It's from a german textbook so please excuse any grammar mistakes:

d 'is celebrating a party. a, b and c are doing a drinking game. They all drink the same from same size glasses:'

I: a and b together drank as much as c.
II: a and c together drank 4 times as much as b
III: a drank n more glasses then b

1) I need to find out the Linear System of Equations.

So I would assume:

I: a + b = c
II: a + c = 4b
III: b + n = a

To write the matrix it in the form of: A*X = B:

=> I: a + b - c = 0 => II: a - 4b + c = 0 => III: -a + b + n = 0

(please correct if I'm wrong)

next: 2) Find the inverse Matrix with the Gauß-Jordan-Algorithm

This is my solution for the inverse Matrix

Is that correct? This is where I had a lot of problems with. Because of that extra variable n in the matrix.
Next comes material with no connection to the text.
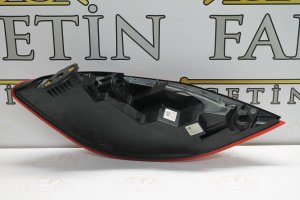 porsche,panamera,970,led,sol,stop,sökme,97063141104,porsche panamera 970 led,sol stop sökme 97063141104,porsche panamera 970 led sol stop sökme 97063141104,97063141104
3) From that inverse matrix i have to find universal solution where I just have to put in n to solve.

Don't really know what to do here. If I take my inverse matrix and multiply it by B wich is (0 0 0) all my values for a,b,c would get 0...

So don't really know how to proceed...

4) I just need to try different values for n and show the Equations for different n values.

Would really really appreciate any kind of help. I've been working on this for more than 3 hours and I just can't seem to find the answer.

Thank you in advance !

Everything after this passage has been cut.